Chopin's piano music is a perfect example of the Romantic ideal for expressing the poetic feelings and emotions through the medium of sound. Chopin was a fitting example of the Romantic artist - he was lonely, aloof and withdrawn - a talented but tragic figure, dying as he did at a relatively young age of thirty-nine. He was the founder of the 19th-century school of cantabile playing ('in the singing style' - emphasis on held melody lines). Chopin's legacy is found in the development of playing techniques to support the all-important melody line, including such typical features as:
  • the delicacy of long lyrical melodic lines with graceful ornamentation
  • spreading arpeggios simple, broken chord accompaniments with subtle pedalling effects
  • discrete use of romantic tempo rubato in the music
  • passages of rapid articulation and virtuosic display
  • a range of touch and tone quality and a control of dynamics of volume.

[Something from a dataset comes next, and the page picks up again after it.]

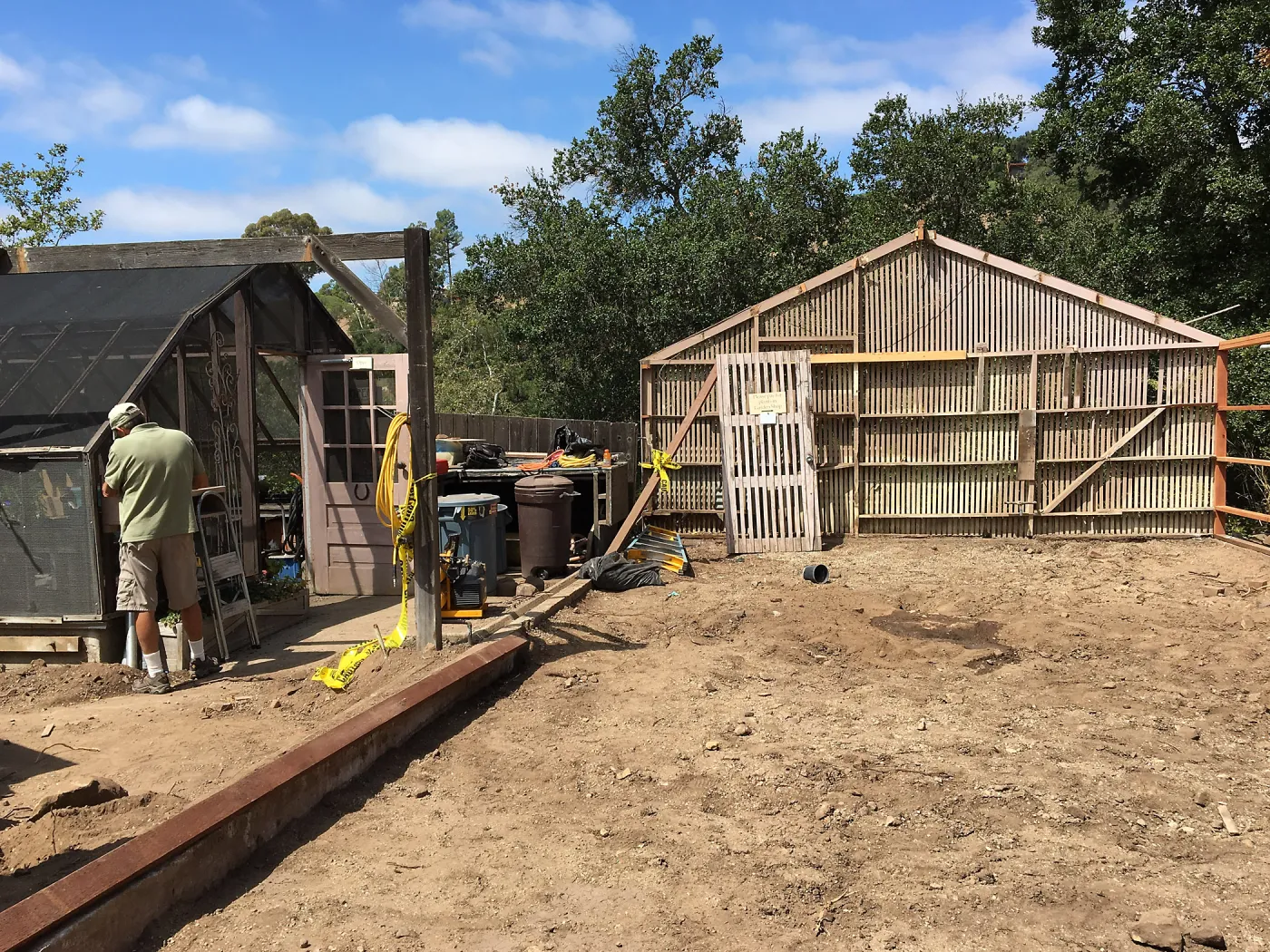 Repair of Garden Growers Lath House, looking west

A distinguished English amateur thus records his impressions of Chopin's style of pianoforte-playing compared with those of other masters. "His technical characteristics may be broadly indicated as negation of bravura, absolute perfection of fingerplay, and of the legatissimo touch, on which no other pianist has ever so entirely leant, to the exclusion of that high relief and point which the modern German school, after the examples of Liszt and Thalberg, has so effectively developed. It is in these feature that we must recognize that Grundverschiedenheit (fundamental difference) which according to Felix Mendelssohn distinguished Chopin's playing from that of these masters, and in no less degree from the example and teaching of Moscheles... Imagine a delicate man of extreme refinement of mien and manner, sitting at the piano and playing with no sway of the body and scarcely any movement of the arms, depending entirely upon his narrow feminine hands and slender fingers. The wide arpeggios in the left hand, maintained in a continuous stream of tone by the strict legato and fine and constant use of the damper pedal, formed a harmonious substructure for a wonderfully poetic cantabile. His delicate pianissimo, the ever-changing modifications of tone and time (tempo rubato) were of indescribable effect. Even in energetic passages he scarcely ever exceeded an ordinary mezzoforte. His playing as a whole was unique in its kind, and no traditions of it can remain, for there is no school of Chopin the pianist, for the obvious reason that he could never be regarded as a public player, and his best pupils were nearly all amateurs."